(Task directions):
Would you repeat the entries below exactly and omit the pictures?

-------

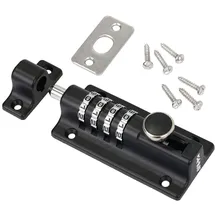 HMF Riegelschloss 3591-02, Türriegel mit 4-stelligem Zahlencode aus Zinklegierung, 12,2 x 4 x 4,8 cm, Schwarz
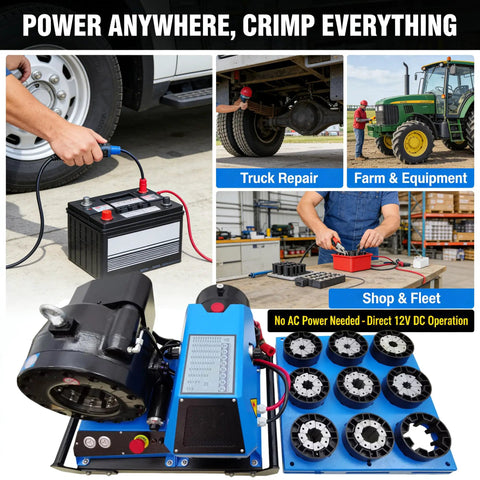 Portable 12V Hydraulic Hose Crimper High Pressure 137 Ton Machine With 8 Dies For 0.4 To 2.4 Inch Hoses shown during vehicle repairs.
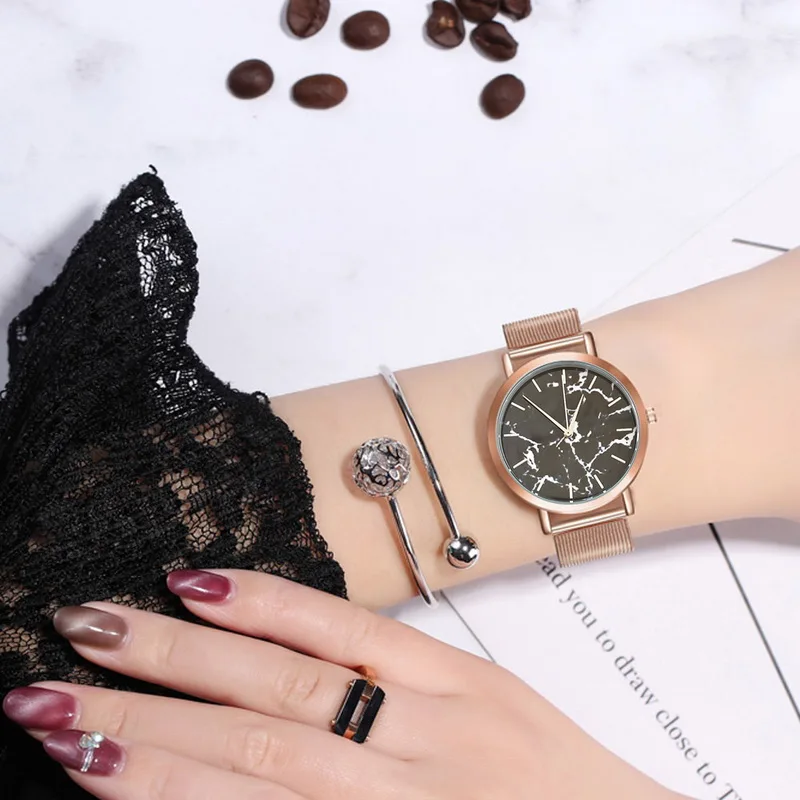 FUNIQUE Модные женские Ретро кварцевые часы из мраморного сплава подарки наручные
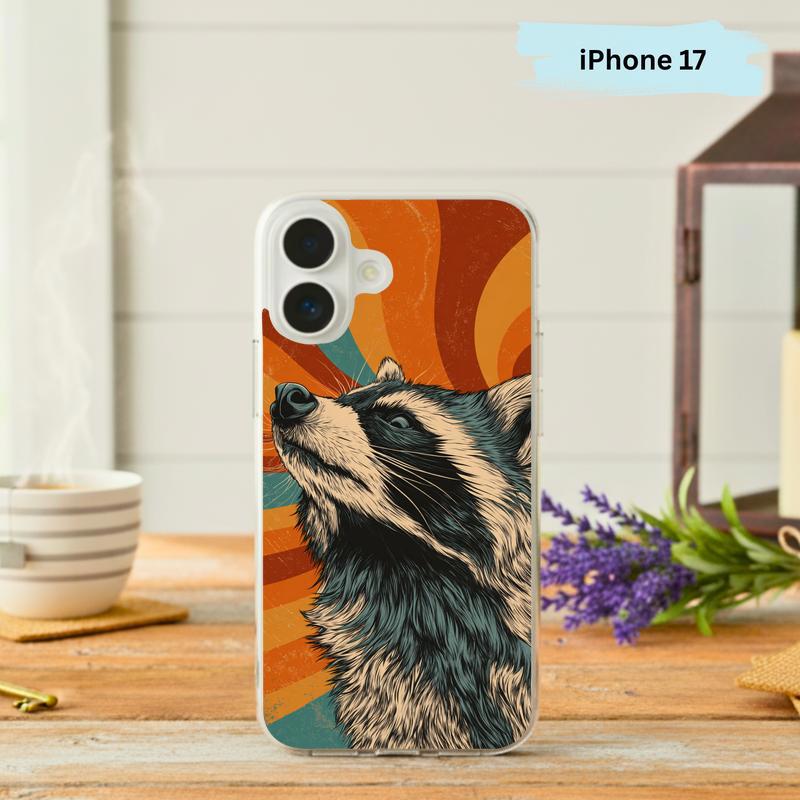 Portrait Of Meme Raccoon Retro Groove Energy Phone Case IPhone - Raccsy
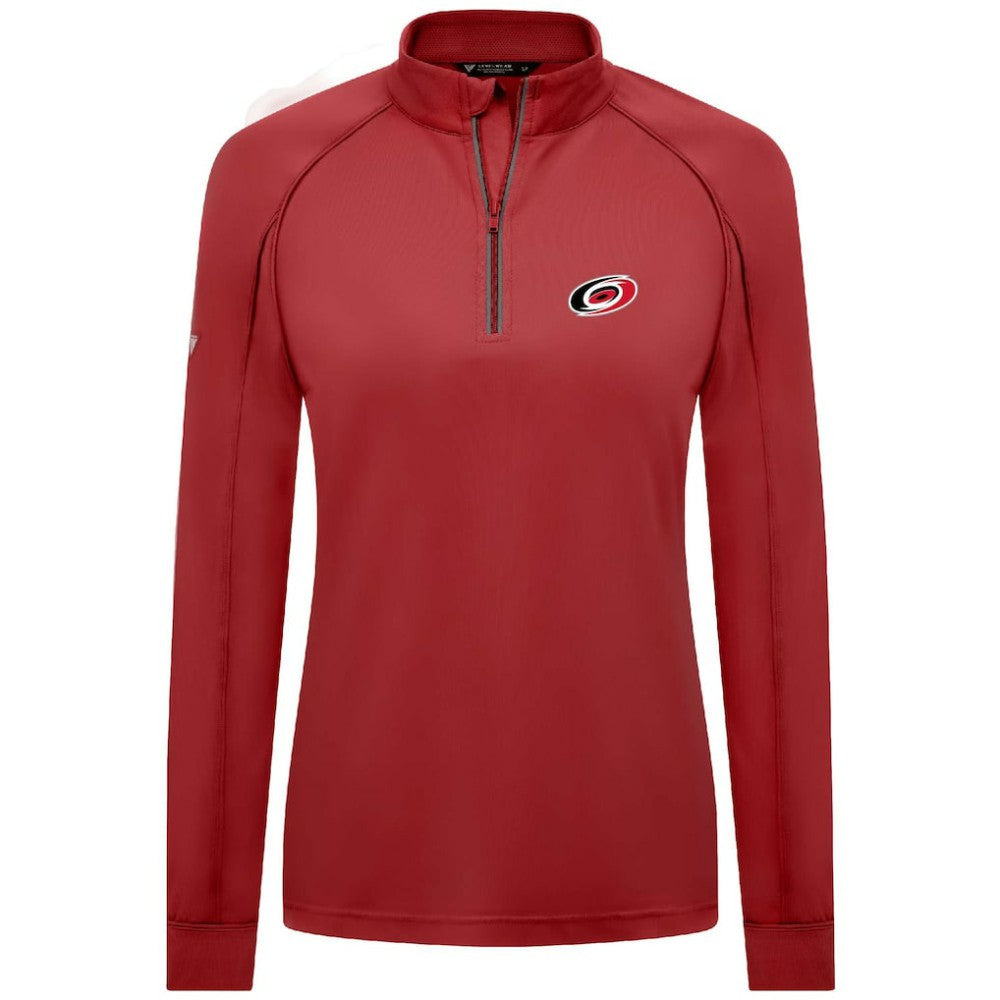 NHL Carolina Hurricanes Levelwear Women's Kinetic Insignia Core Quarter-Zip Pullover Top - Red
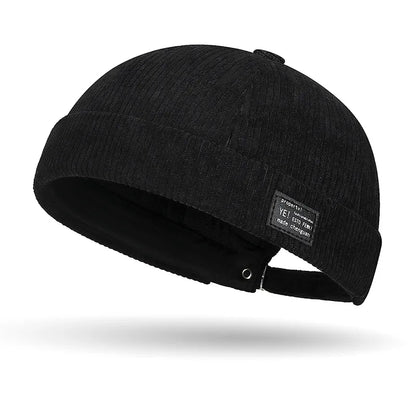 Autumn and winter corduroy brimless casual hat, personalized yuppie hat, men's and women's striped velvet melon skin hat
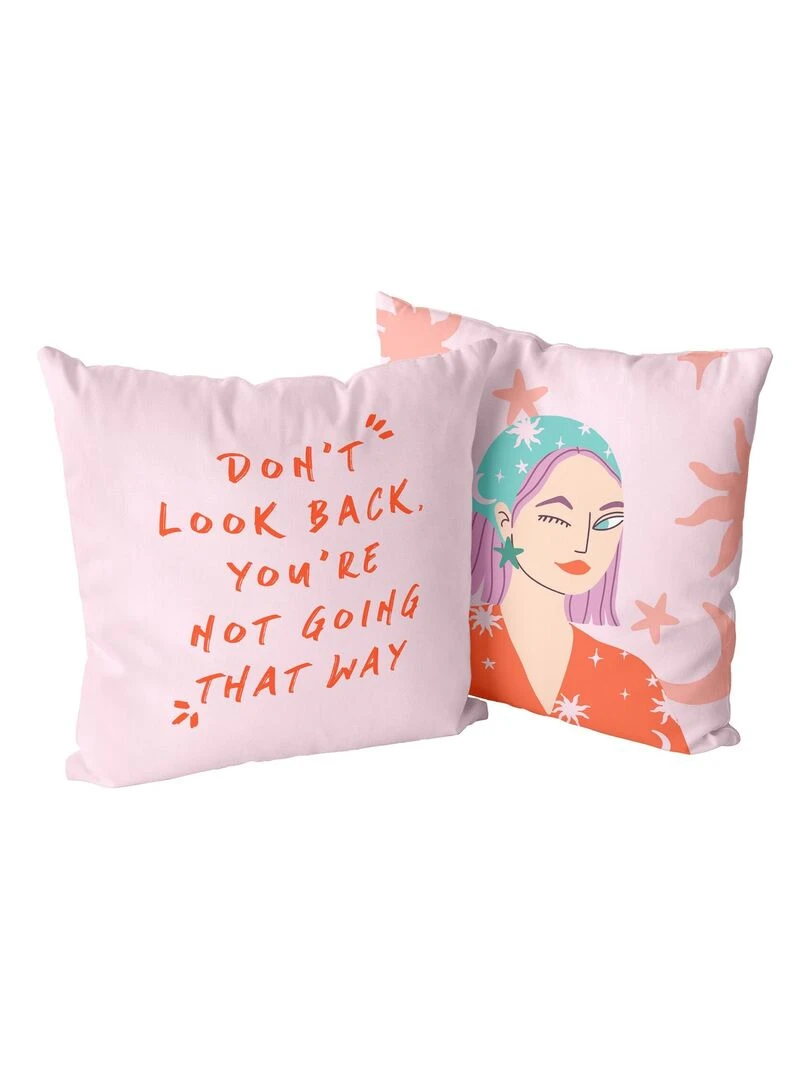 Housse de coussin décoratif Wink "Happyfriday" Blanc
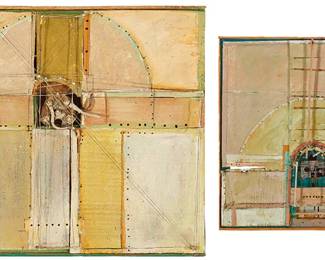 1303
John W. Ford (b. 1960)
Two works:

"Reverse Arc," 1989
Collage and found objects assemblage sculpture
Signed, titled, and dated in pencil verso: John W Ford
14.25" H x 16.75" W x 2.75" D

"Plaine Focal," 1989
Collage and found objects assemblage sculpture
Signed, titled, and dated in pencil verso: John W Ford
12.25" H x 12.25" W x 2.5" D
Estimate: $800 - $1,200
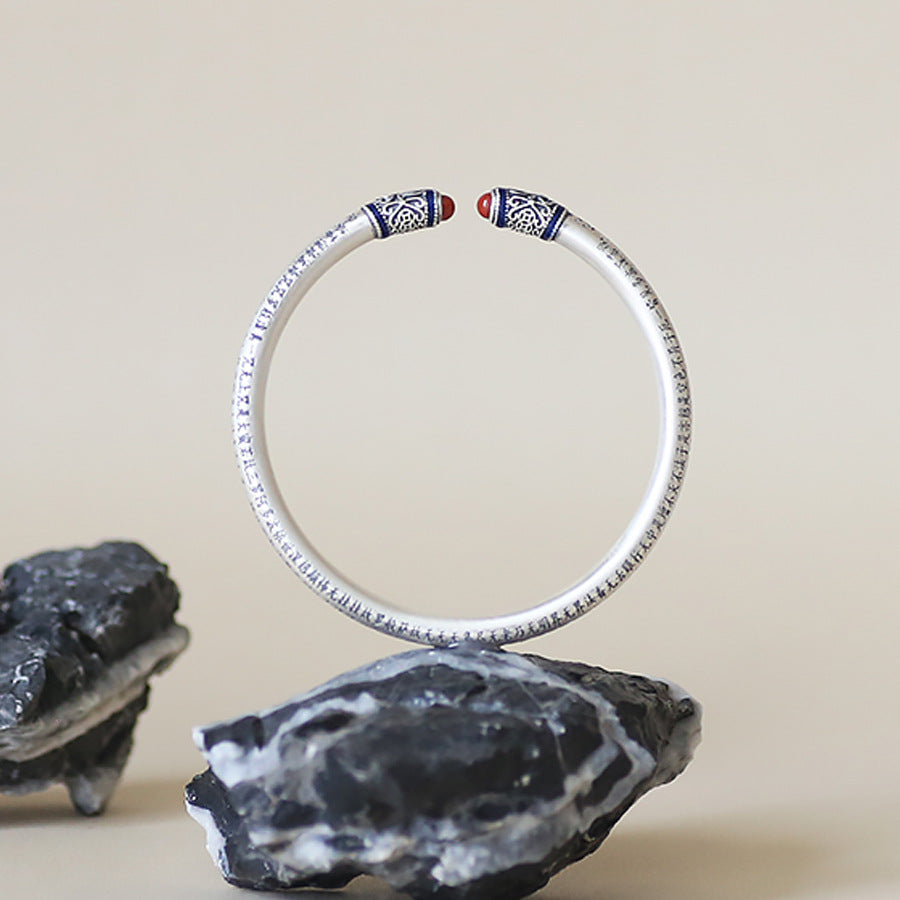 Tsinglong-Navy Blue Heart Sutra Bangle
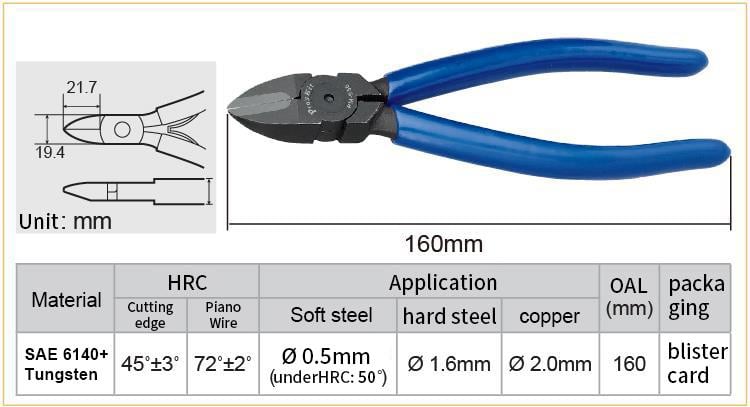 ProsKit Tungsten Diagonal Cutting Plier 160mm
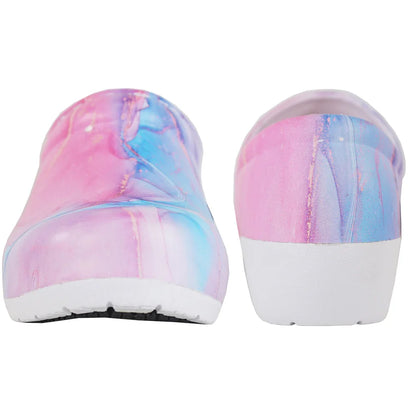 Pair of women's multi-color print slip-resistant clogs.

-------

(Answer space):
 HMF Riegelschloss 3591-02, Türriegel mit 4-stelligem Zahlencode aus Zinklegierung, 12,2 x 4 x 4,8 cm, Schwarz
 Portable 12V Hydraulic Hose Crimper High Pressure 137 Ton Machine With 8 Dies For 0.4 To 2.4 Inch Hoses shown during vehicle repairs.
 FUNIQUE Модные женские Ретро кварцевые часы из мраморного сплава подарки наручные
 Portrait Of Meme Raccoon Retro Groove Energy Phone Case IPhone - Raccsy
 NHL Carolina Hurricanes Levelwear Women's Kinetic Insignia Core Quarter-Zip Pullover Top - Red
 Autumn and winter corduroy brimless casual hat, personalized yuppie hat, men's and women's striped velvet melon skin hat
 Housse de coussin décoratif Wink "Happyfriday" Blanc
 1303
John W. Ford (b. 1960)
Two works:

"Reverse Arc," 1989
Collage and found objects assemblage sculpture
Signed, titled, and dated in pencil verso: John W Ford
14.25" H x 16.75" W x 2.75" D

"Plaine Focal," 1989
Collage and found objects assemblage sculpture
Signed, titled, and dated in pencil verso: John W Ford
12.25" H x 12.25" W x 2.5" D
Estimate: $800 - $1,200
 Tsinglong-Navy Blue Heart Sutra Bangle
 ProsKit Tungsten Diagonal Cutting Plier 160mm
 Pair of women's multi-color print slip-resistant clogs.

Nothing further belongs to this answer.